# Help needed on an old AT case + PSU



## Unknown55 (Aug 4, 2005)

A friend of mine has a business computer that is very old. It has an AT PSU and case etc. The thing is we want to shift all the guts of the old system into a new ATX case + PSU. Ive found a cable that will convert the ATX PSU to AT so it can plug into the motherboard, but what about the actual power button, am i going to run into problems there?
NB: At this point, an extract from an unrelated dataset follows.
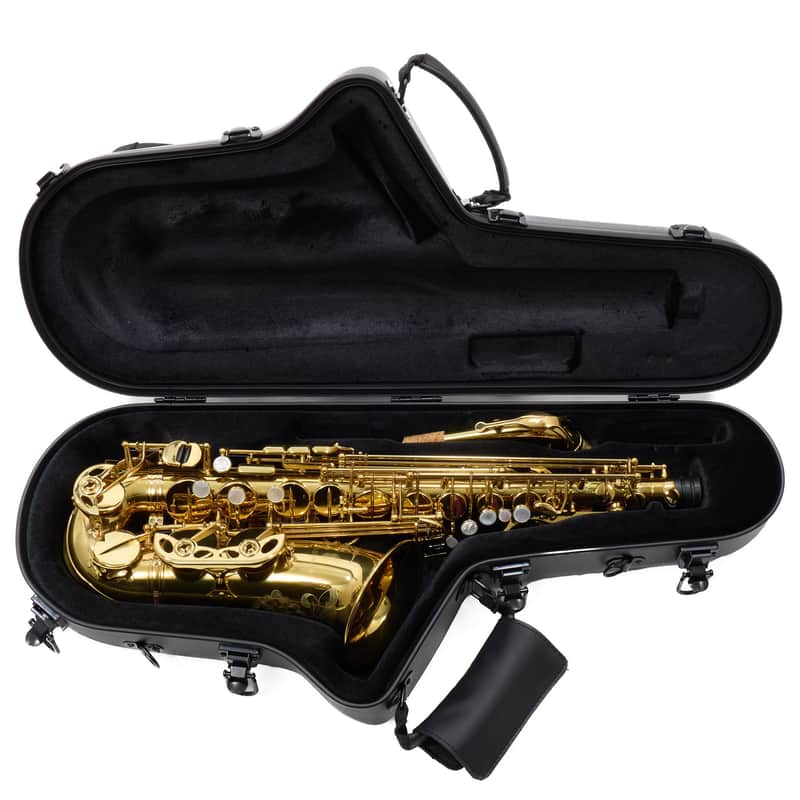 Eastman Model EAS650 'Rue Saint-Georges' Alto Saxophone SN A2440458 RENEWED image 1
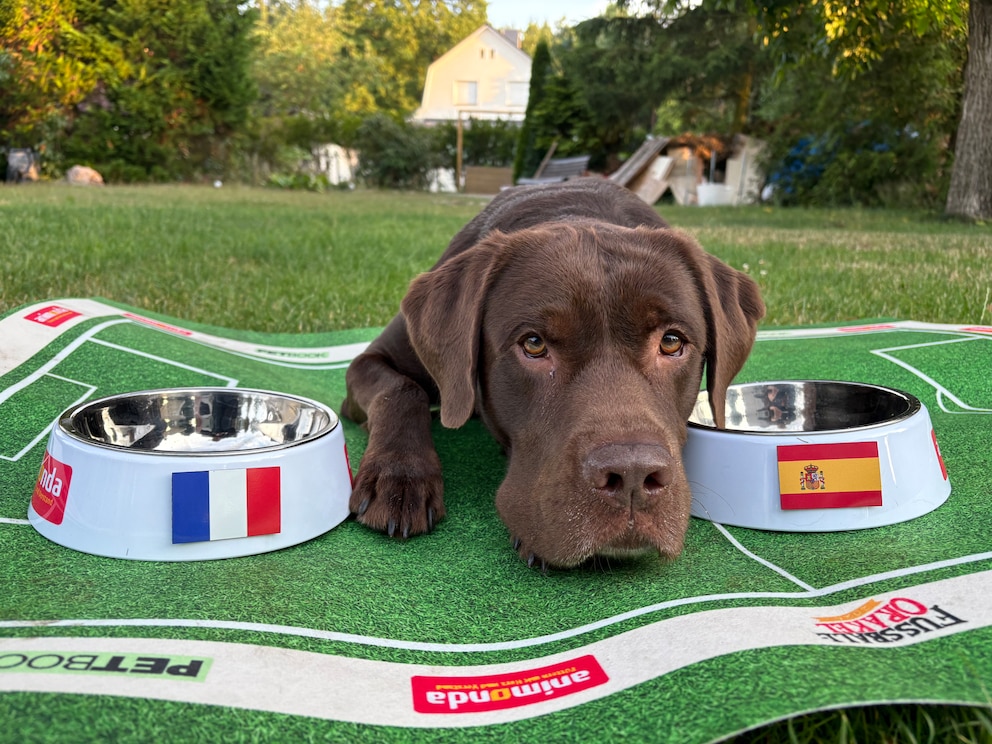 Labrador Hector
Is there anything else i have to consider.

Thanks.


----------



## boji (Jul 14, 2005)

i have tinkered with many old cases. i have cut the backs to make way for atx plates and actually made switches from pieces of metal and plastic. but this was to put atx parts in an old at case. why would you want to downgrade a good case, lol? 

i would look in the motherboard specs for possible power-up modes before i did anything else. you will need to set the bios setting for that depending on what you do. worst case i see is that you would set it to come on by actually switching on the power supply in the back. 

this is like the mirror image of everything i have ever done. all backwards!


----------



## Unknown55 (Aug 4, 2005)

Yeah i know it sounds odd but i have to make it work somehow. 

Anyone else with more ideas?

Thanks.


----------



## Terrister (Apr 18, 2005)

If the case has a reset button you should be able to turn it into a power on button.


----------